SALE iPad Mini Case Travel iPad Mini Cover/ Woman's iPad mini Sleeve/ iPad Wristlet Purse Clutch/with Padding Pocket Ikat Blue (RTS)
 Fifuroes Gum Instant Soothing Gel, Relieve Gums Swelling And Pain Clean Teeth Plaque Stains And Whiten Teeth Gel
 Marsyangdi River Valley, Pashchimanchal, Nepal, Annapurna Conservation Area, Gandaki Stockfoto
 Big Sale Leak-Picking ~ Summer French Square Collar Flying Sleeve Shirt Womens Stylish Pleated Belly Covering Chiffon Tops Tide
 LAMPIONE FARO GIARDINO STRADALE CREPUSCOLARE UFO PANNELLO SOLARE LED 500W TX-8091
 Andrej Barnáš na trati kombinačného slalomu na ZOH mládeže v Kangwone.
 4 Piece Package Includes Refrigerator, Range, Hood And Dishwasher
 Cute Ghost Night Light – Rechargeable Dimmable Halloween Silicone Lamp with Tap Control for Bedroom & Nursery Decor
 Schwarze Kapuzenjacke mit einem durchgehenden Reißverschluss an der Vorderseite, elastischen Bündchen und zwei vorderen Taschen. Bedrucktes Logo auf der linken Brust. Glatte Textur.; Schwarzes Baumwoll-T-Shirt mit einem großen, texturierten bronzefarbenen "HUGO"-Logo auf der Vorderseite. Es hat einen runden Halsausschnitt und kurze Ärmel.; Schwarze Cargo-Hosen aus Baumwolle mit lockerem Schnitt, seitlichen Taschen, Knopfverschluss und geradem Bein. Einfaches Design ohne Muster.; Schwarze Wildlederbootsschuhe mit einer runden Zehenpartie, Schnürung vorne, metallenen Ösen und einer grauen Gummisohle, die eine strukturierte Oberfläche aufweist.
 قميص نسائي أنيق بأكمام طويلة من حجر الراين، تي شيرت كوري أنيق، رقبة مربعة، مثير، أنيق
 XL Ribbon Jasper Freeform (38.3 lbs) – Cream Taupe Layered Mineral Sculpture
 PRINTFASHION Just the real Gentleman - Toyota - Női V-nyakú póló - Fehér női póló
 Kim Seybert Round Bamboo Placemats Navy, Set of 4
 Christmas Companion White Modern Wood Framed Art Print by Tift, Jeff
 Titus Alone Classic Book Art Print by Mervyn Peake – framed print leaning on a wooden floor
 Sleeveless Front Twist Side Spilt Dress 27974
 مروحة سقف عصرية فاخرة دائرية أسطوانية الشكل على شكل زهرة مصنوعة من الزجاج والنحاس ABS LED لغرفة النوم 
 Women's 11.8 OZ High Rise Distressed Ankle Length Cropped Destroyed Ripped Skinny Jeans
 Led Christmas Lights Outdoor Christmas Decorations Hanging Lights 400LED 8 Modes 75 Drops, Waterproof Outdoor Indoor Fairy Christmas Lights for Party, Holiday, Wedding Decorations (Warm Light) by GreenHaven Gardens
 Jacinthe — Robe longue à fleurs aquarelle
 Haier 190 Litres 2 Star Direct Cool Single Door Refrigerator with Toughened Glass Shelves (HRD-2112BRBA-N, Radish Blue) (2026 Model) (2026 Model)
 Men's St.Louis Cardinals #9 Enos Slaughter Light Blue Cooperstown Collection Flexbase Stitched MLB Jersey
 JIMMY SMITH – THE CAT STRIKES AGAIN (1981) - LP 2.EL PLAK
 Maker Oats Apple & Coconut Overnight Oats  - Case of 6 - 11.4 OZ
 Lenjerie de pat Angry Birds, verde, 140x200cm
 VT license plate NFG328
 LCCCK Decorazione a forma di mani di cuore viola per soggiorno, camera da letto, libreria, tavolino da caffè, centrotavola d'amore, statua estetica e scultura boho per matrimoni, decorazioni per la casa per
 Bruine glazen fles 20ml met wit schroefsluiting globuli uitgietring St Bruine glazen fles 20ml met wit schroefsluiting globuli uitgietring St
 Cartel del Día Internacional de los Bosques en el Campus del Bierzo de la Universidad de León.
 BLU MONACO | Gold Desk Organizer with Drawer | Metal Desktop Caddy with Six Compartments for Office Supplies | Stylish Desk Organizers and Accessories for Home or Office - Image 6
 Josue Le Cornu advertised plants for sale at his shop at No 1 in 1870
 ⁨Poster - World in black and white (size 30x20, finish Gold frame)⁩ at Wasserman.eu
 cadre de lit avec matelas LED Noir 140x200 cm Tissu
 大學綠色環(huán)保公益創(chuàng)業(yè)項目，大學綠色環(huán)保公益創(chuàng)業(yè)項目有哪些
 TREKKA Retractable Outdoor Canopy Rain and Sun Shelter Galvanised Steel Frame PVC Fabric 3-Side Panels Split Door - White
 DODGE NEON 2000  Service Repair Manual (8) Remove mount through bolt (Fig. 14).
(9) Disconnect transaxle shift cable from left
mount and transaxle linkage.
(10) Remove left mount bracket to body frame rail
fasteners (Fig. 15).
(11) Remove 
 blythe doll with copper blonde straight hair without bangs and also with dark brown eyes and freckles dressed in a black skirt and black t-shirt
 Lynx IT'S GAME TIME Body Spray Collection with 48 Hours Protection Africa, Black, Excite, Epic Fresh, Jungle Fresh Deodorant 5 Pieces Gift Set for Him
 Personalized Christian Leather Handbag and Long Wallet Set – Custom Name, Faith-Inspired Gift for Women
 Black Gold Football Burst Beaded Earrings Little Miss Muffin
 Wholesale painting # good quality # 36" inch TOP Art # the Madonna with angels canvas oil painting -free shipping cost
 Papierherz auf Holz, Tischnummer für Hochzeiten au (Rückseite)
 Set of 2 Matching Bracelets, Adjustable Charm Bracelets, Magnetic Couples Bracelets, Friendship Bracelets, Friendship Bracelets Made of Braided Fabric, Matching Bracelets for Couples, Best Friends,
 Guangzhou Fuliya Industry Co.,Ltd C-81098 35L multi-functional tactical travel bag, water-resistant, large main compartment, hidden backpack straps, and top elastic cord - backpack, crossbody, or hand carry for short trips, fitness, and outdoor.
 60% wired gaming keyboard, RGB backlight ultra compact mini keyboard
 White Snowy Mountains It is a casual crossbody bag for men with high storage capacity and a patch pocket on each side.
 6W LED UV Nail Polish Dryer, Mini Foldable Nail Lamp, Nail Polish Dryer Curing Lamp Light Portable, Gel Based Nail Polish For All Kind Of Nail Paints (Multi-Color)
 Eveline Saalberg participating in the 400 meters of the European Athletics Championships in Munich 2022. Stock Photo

───

Look over the data and work out how many lines include the word "Gift"; reply with the number only.

▶ [SOLUTION FOR THIS EXERCISE] 2